Given records:
-------------------------

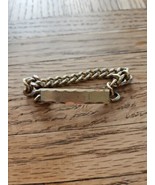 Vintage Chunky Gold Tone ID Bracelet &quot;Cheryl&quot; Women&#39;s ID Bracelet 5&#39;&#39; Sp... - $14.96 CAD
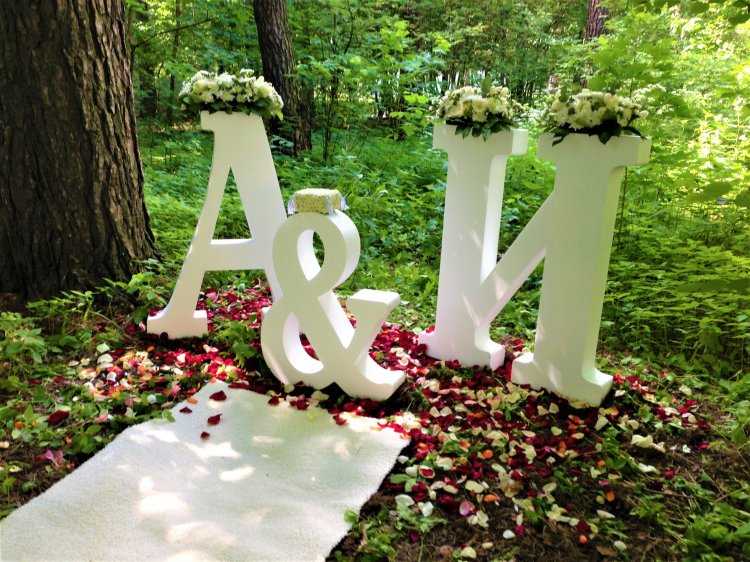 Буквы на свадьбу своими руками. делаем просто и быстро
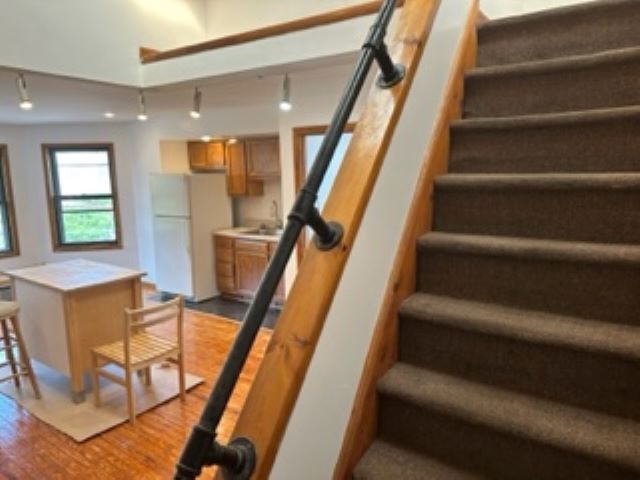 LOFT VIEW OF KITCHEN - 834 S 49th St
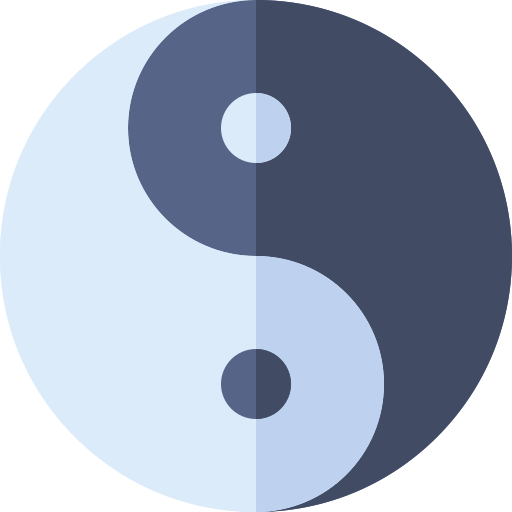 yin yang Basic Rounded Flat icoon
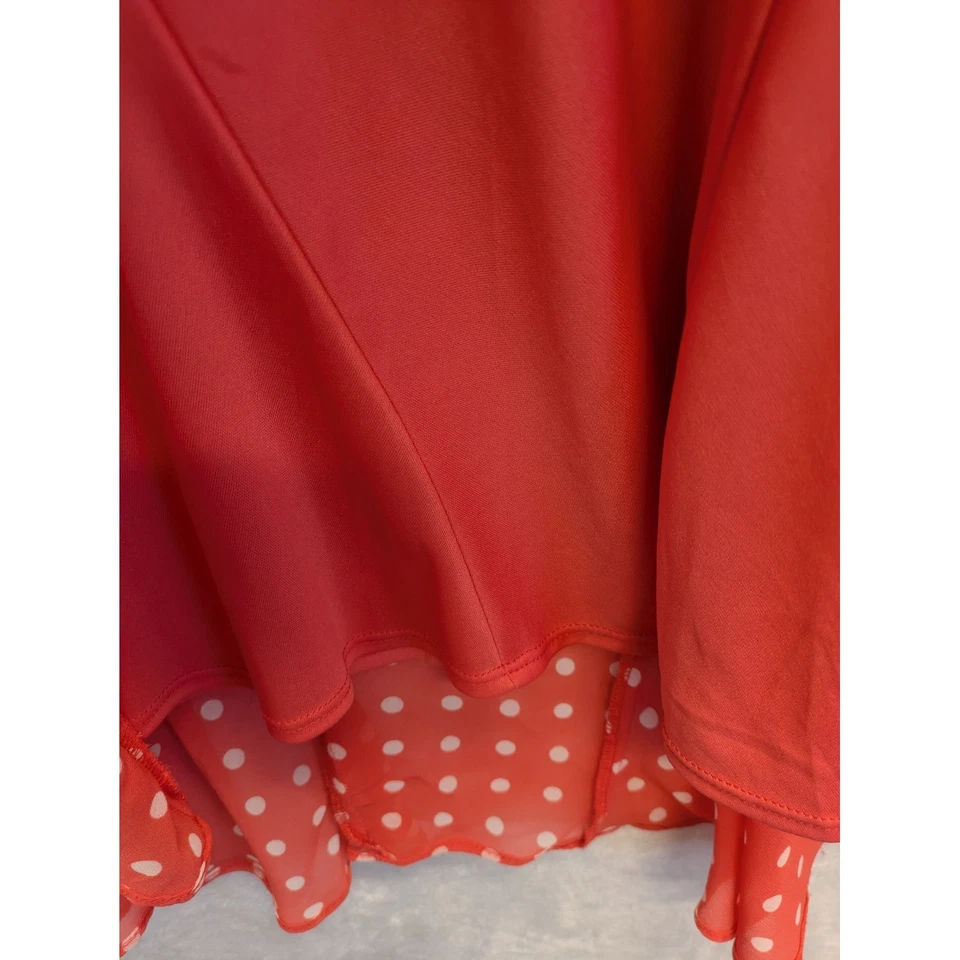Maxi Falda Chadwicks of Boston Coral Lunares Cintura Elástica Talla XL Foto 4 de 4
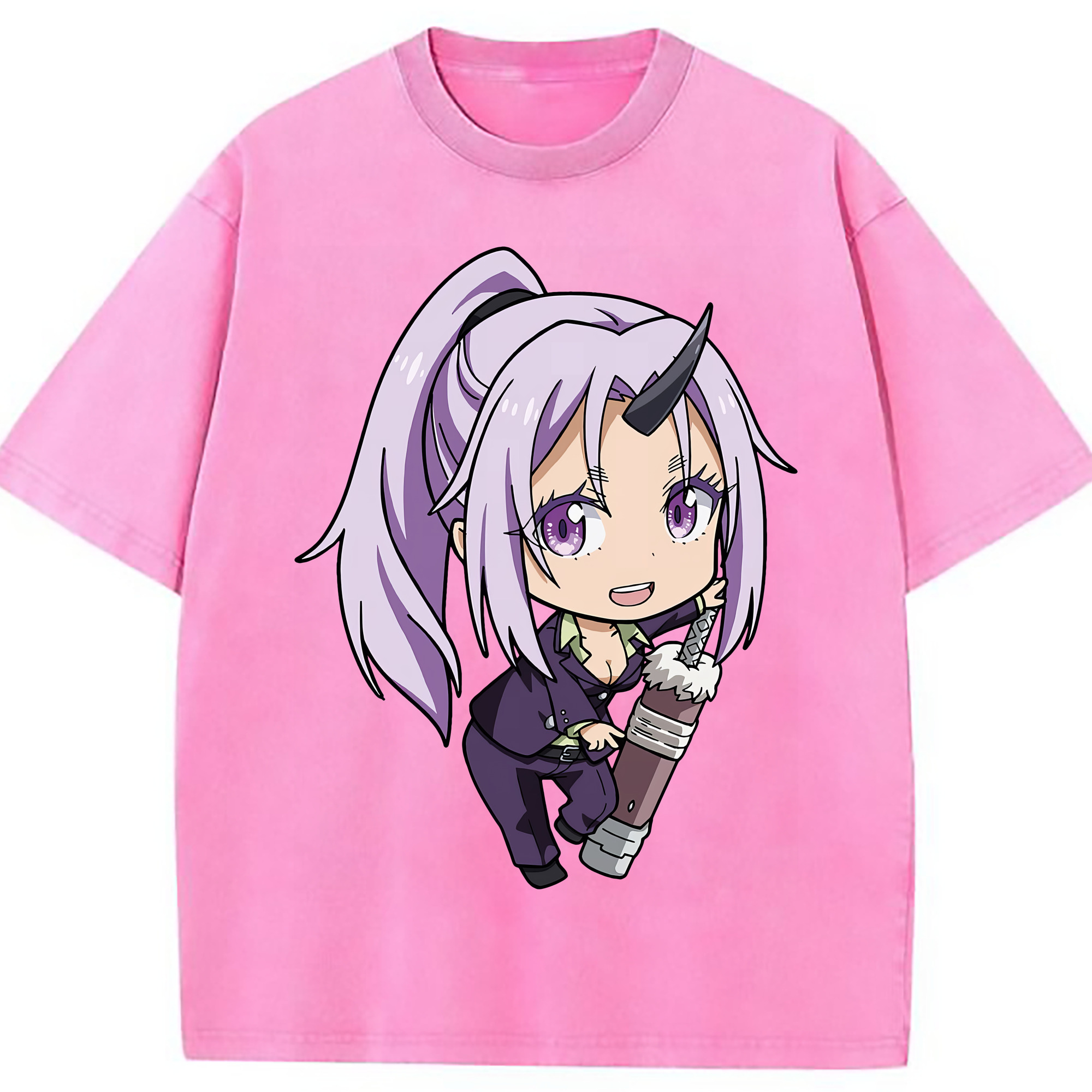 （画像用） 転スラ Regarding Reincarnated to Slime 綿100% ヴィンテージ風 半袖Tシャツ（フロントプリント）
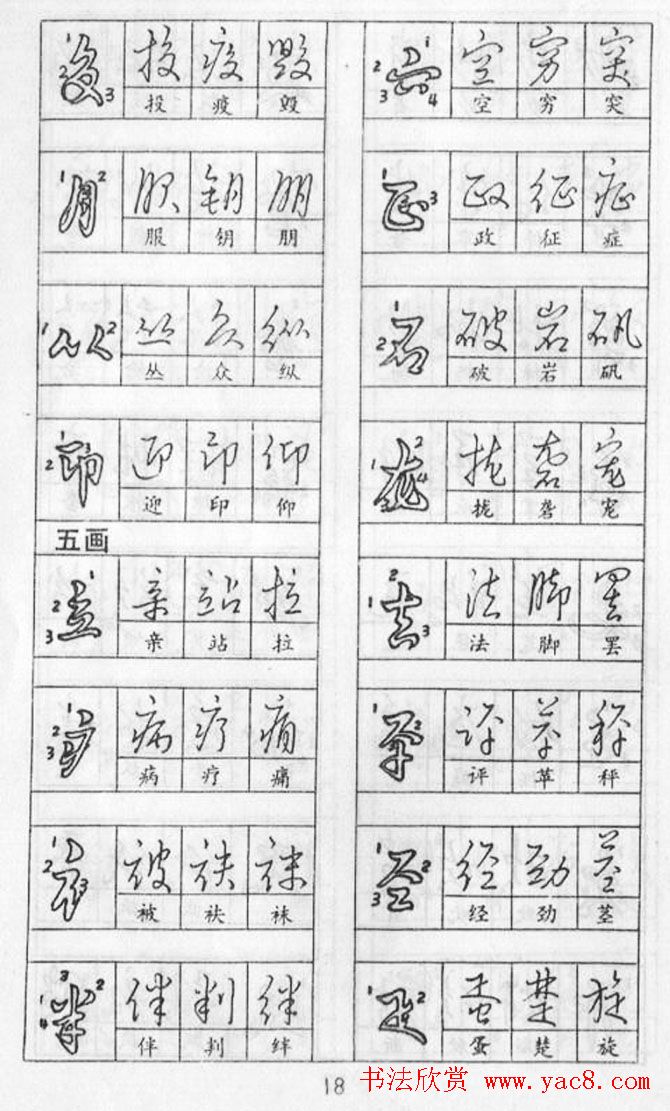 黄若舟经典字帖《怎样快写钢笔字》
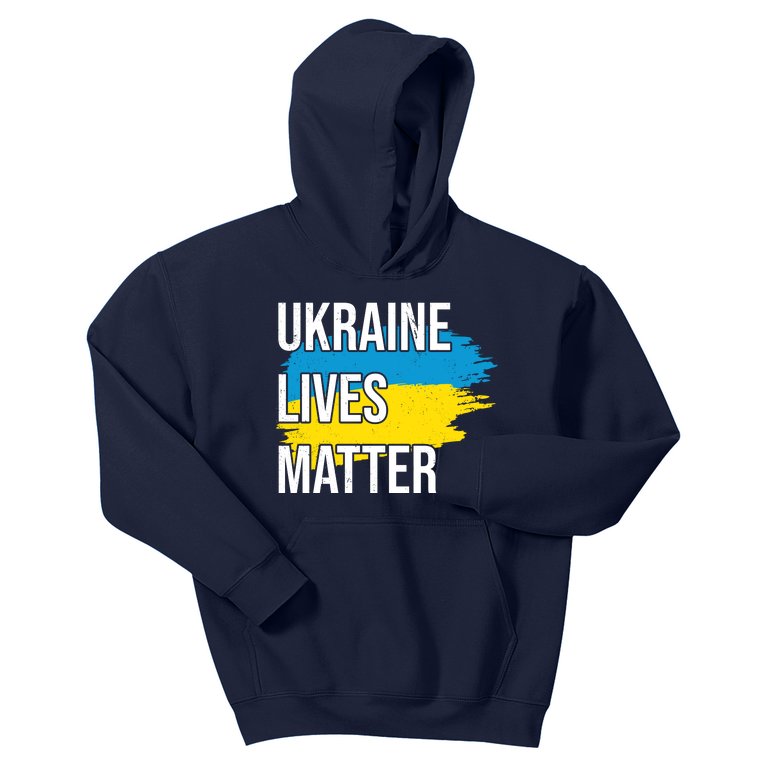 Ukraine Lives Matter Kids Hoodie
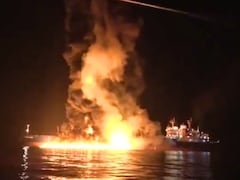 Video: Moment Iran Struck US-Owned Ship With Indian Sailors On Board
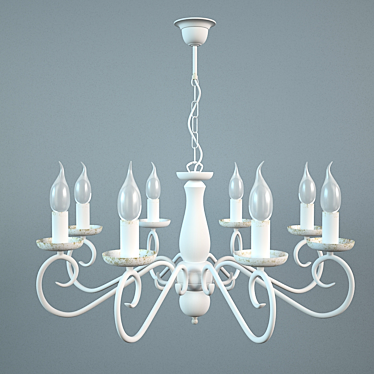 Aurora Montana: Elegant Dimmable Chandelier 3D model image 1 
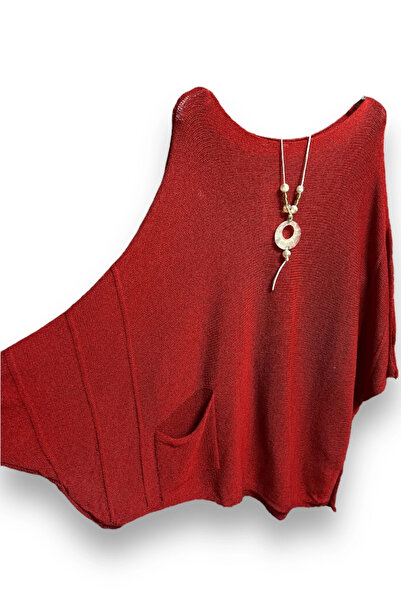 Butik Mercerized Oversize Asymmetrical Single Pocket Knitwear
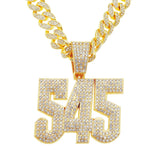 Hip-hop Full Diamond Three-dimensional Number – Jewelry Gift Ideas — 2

-------------------------

All entries above must be printed again verbatim, with images excluded.

Result for this exercise:
 Vintage Chunky Gold Tone ID Bracelet &quot;Cheryl&quot; Women&#39;s ID Bracelet 5&#39;&#39; Sp... - $14.96 CAD
 Буквы на свадьбу своими руками. делаем просто и быстро
 LOFT VIEW OF KITCHEN - 834 S 49th St
 yin yang Basic Rounded Flat icoon
Maxi Falda Chadwicks of Boston Coral Lunares Cintura Elástica Talla XL Foto 4 de 4
 （画像用） 転スラ Regarding Reincarnated to Slime 綿100% ヴィンテージ風 半袖Tシャツ（フロントプリント）
 黄若舟经典字帖《怎样快写钢笔字》
 Ukraine Lives Matter Kids Hoodie
 Video: Moment Iran Struck US-Owned Ship With Indian Sailors On Board
 Aurora Montana: Elegant Dimmable Chandelier 3D model image 1 
 Butik Mercerized Oversize Asymmetrical Single Pocket Knitwear
 Hip-hop Full Diamond Three-dimensional Number – Jewelry Gift Ideas — 2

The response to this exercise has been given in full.